The prior art adopts an off-line wallet, and money in an account is off-line, so that the wallet is only used on line during transaction, which is safe under the condition of less transaction times, but is not suitable for online large-scale transaction, and the time for identity authentication of each off-line wallet is long. With the maturity and application of the blockchain technology, online transactions can be scaled, and great examination is brought to the security of the online wallet.

Disclosure of Invention

Aiming at the problem that the security of data transmission from an intelligent terminal to a block chain platform is low in the prior art, the invention provides an intelligent terminal and a method for improving the security of data transmission.

In order to achieve the purpose, the invention provides the following technical scheme:

a method for improving data transmission security specifically comprises the following steps:

s1: selecting words from the dictionary to construct an intelligent auxiliary mnemonic word library;

s2: selecting n words from the constructed intelligent auxiliary mnemonic word stock to form a word group to generate m mnemonic words;

s3: enhancing the mnemonic words by adopting a key stretching function to obtain a root key so as to generate a private key;

s4: generating a public key by using an elliptic curve algorithm and storing the public key in the online wallet;

s5: the intelligent terminal collects external data, signs the external data by using the generated private key and the public key, and sends the signed external data to the block chain platform after the intelligent terminal and the block chain platform pass authentication.
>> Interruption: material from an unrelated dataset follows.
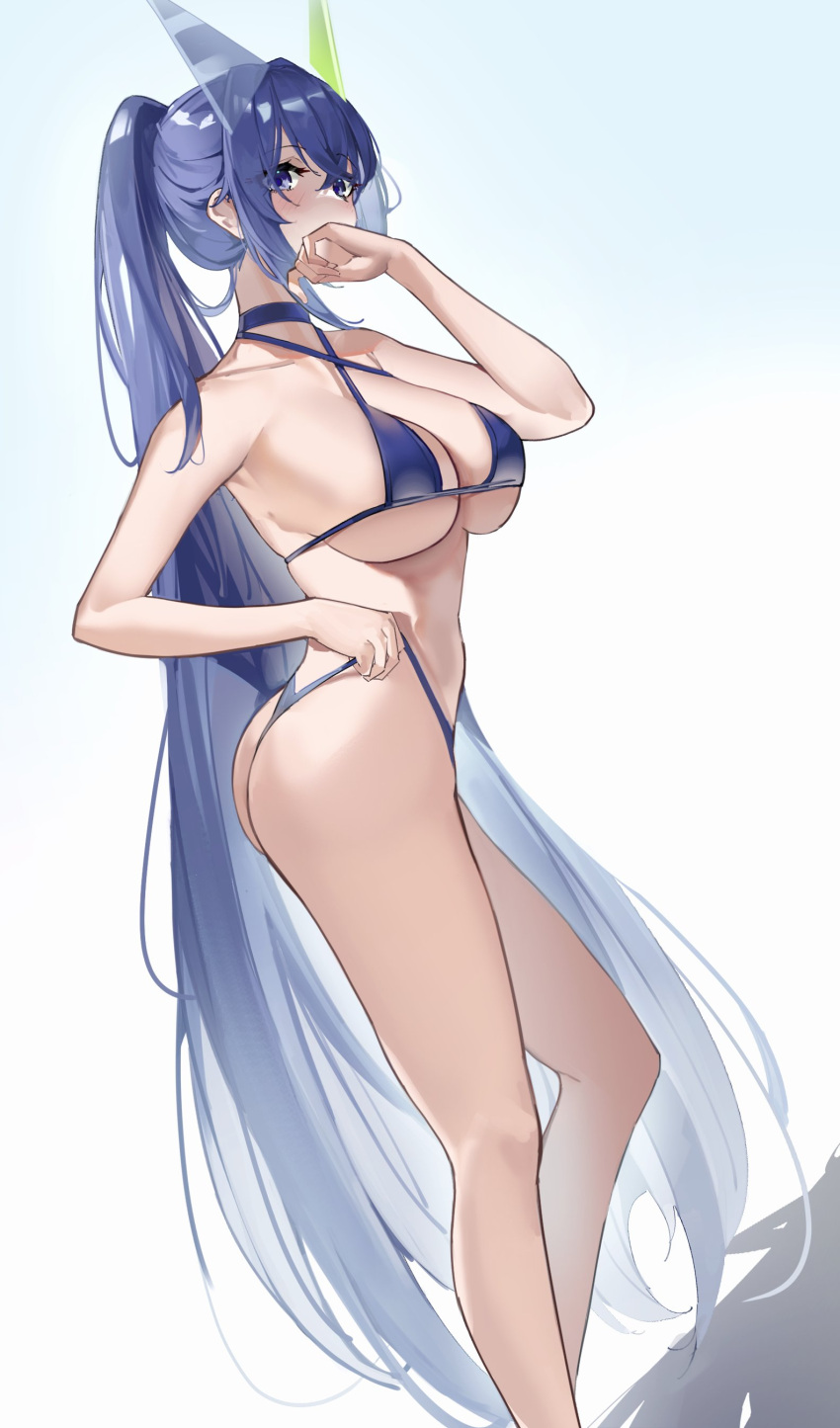 1girl absurdres ass azur_lane bikini bikini_pull blue_bikini blue_eyes blue_hair blush breasts clothes_pull commentary covering_mouth crossed_bangs dutch_angle feet_out_of_frame gradient_background highleg highleg_bikini highres large_breasts long_hair maanu new_jersey_(azur_lane) ponytail sidelocks solo standing swimsuit very_long_hair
Preferably, the words are selected according to the following requirements:

the first four letters clearly identify words, namely, words with different first 4 letters are selected;

similar vocabularies are avoided, and the same letters between words cannot exceed 80 percent, otherwise misspelling is easily caused;

the words are encoded in UTF-8 using a normalized form compatibility decomposition;

the word lists are ordered in the order of alphabet, so that the searching efficiency is improved;

the dictionary tree is used for realizing the storage of the intelligent auxiliary mnemonic word lexicon, and the compression and the query are convenient.
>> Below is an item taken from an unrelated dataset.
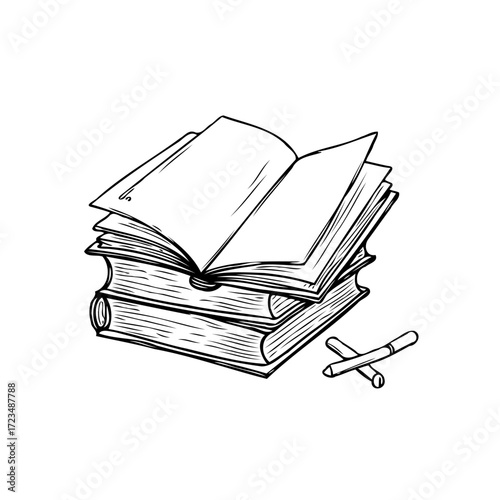 Stack of books with opened pages and pencils symbolizing knowledge and learning process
Preferably, the number of the selected words is 2048.

Preferably, the mnemonic word generation step is as follows:

selecting n words from the constructed intelligent auxiliary mnemonic word library to generate a first sequence with the length of L;

calculating a hash value of the first sequence by adopting a hash algorithm, and taking the first K bits of the hash value as a check code of the first sequence, wherein K is L/32;

combining the first sequence and the check code to obtain a second sequence, namely the first sequence and the check code;

and dividing the second sequence into m groups to obtain m binary numbers, wherein m is (L + K)/11, and querying a word list defined by the BIP39 protocol by using each binary number to obtain m mnemonics.
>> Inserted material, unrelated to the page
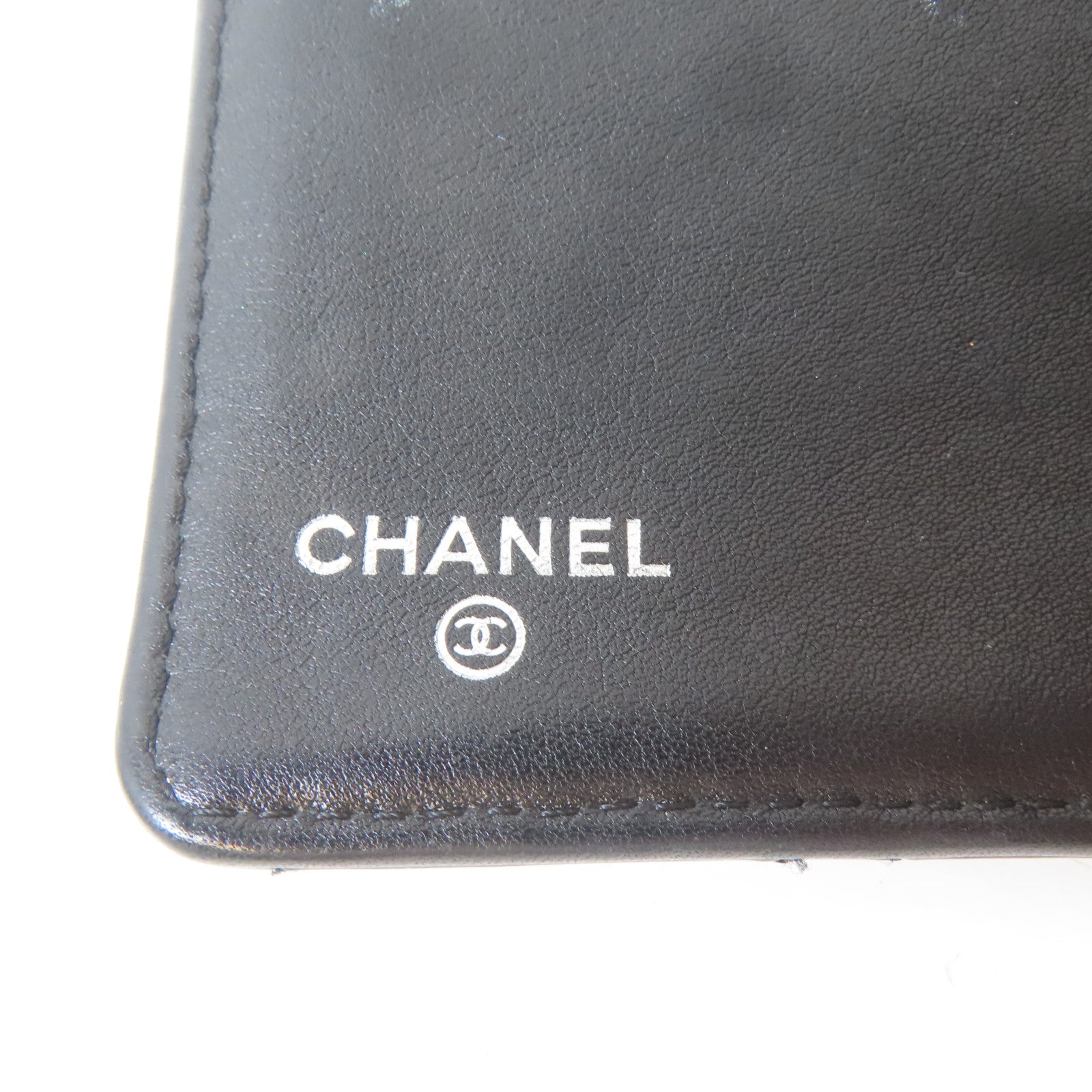 CHANEL 菱格漆皮皮革Long Wallet銀扣長錢包黑色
Preferably, the S3 includes:

s3-1: adopting a PBKDF2 function, taking mnemonics and salt as input parameters, and then repeatedly operating to finally generate a root key;

s3-2: and calculating the root key by adopting an irreversible HMAC-SHA512 algorithm to obtain a 512-bit hash string, wherein the first 256 bits of the hash string are the private key.

Preferably, the salt includes a constant string and a password.

Preferably, the public key is generated by elliptic curve cryptography: K-K x G, where K represents a public key, i.e., a point of an elliptic curve; k represents a private key randomly generated for the user; g is indicated as the base point of the elliptic curve.

The invention also provides an intelligent terminal, which comprises a data acquisition module, a communication module, a secret key generation module, a storage module and a controller, wherein,

the data acquisition module is used for acquiring external data; the communication module is used for establishing communication connection with the block chain platform; the key generation module comprises a wallet address generation unit, a private key generation unit and a public key generation unit; the storage module is used for storing external data, a wallet address, a public key and a private key; the controller is configured to sign the external data using a public key and a private key.

Preferably, the key generation module includes a wallet address generation unit, a private key generation unit, and a public key generation unit.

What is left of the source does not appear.